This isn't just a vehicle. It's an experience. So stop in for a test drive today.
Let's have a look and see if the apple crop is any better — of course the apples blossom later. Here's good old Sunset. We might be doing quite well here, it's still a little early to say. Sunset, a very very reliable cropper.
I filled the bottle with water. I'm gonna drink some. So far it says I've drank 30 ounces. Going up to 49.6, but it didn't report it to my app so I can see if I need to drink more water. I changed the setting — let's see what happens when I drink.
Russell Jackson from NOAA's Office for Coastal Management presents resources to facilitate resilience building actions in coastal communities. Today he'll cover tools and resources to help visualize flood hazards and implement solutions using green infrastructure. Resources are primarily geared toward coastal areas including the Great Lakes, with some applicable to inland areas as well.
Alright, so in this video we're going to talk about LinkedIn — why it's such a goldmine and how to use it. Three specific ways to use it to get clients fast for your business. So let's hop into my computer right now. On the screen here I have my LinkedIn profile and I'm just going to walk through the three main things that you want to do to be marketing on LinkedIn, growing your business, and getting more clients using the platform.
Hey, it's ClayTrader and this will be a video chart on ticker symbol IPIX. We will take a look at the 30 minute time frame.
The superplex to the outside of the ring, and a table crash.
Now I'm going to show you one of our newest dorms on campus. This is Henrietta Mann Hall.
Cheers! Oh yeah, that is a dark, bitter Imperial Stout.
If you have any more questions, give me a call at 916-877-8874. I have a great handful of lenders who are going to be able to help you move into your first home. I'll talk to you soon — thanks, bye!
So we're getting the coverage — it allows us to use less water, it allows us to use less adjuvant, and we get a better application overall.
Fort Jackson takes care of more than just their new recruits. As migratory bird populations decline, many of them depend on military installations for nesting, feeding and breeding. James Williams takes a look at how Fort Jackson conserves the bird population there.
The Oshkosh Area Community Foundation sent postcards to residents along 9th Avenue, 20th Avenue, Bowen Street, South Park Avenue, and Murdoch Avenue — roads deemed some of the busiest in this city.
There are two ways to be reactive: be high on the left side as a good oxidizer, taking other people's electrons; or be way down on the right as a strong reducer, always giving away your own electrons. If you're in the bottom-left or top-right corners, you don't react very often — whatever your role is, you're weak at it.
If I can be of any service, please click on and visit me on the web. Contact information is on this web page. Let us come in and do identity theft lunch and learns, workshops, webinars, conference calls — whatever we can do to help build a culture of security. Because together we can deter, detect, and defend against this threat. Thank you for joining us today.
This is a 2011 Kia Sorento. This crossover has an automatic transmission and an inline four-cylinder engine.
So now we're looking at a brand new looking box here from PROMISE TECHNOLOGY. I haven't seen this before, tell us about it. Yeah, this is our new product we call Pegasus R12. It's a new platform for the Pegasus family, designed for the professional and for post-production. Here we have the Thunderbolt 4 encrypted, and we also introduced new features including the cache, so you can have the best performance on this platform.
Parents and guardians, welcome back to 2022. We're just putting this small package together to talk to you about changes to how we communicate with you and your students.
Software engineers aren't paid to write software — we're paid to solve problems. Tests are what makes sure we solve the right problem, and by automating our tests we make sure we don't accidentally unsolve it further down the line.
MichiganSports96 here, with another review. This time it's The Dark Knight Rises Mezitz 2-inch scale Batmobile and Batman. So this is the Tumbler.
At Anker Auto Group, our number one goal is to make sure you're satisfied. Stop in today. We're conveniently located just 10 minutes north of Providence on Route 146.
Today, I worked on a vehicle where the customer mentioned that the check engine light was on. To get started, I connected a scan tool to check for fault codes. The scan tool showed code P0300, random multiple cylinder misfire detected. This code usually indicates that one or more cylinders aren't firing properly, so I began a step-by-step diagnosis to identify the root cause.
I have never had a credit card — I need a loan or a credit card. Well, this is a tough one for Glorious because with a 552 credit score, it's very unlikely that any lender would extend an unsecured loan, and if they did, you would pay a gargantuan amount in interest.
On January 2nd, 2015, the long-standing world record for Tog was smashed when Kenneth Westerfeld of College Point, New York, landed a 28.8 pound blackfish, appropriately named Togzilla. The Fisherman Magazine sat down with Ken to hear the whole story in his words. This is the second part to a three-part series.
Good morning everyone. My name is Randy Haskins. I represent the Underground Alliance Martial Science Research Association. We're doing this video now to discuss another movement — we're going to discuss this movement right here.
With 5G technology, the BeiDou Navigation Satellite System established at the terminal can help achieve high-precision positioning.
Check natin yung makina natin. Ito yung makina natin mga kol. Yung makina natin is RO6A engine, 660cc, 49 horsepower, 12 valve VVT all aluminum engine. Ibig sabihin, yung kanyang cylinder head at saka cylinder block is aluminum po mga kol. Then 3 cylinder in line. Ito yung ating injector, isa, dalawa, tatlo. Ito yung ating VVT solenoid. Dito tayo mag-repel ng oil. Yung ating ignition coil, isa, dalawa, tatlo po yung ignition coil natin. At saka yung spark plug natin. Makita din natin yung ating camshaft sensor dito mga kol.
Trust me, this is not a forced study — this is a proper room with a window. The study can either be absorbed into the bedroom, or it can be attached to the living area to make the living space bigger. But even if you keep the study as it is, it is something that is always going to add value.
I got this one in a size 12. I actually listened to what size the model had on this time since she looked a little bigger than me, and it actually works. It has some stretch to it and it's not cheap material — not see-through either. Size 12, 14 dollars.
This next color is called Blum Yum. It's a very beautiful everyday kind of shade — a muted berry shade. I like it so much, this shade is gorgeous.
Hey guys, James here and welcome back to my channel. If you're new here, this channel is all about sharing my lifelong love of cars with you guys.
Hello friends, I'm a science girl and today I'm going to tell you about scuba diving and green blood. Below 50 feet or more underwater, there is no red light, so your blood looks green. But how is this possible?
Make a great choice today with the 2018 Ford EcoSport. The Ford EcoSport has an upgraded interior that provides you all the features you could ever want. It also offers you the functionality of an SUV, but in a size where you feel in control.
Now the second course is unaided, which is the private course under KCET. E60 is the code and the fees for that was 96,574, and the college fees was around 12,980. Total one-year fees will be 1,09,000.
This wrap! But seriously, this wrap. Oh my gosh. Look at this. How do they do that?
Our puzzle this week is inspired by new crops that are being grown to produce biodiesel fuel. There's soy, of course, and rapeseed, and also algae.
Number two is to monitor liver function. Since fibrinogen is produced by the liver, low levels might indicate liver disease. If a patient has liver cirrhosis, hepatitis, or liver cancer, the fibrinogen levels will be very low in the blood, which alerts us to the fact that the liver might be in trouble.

PROBLEM TO WORK ON >>
Return each line from the data where the string "better" can be found.

ANSWER TO THE EXERCISE >>
Let's have a look and see if the apple crop is any better — of course the apples blossom later. Here's good old Sunset. We might be doing quite well here, it's still a little early to say. Sunset, a very very reliable cropper.
So we're getting the coverage — it allows us to use less water, it allows us to use less adjuvant, and we get a better application overall.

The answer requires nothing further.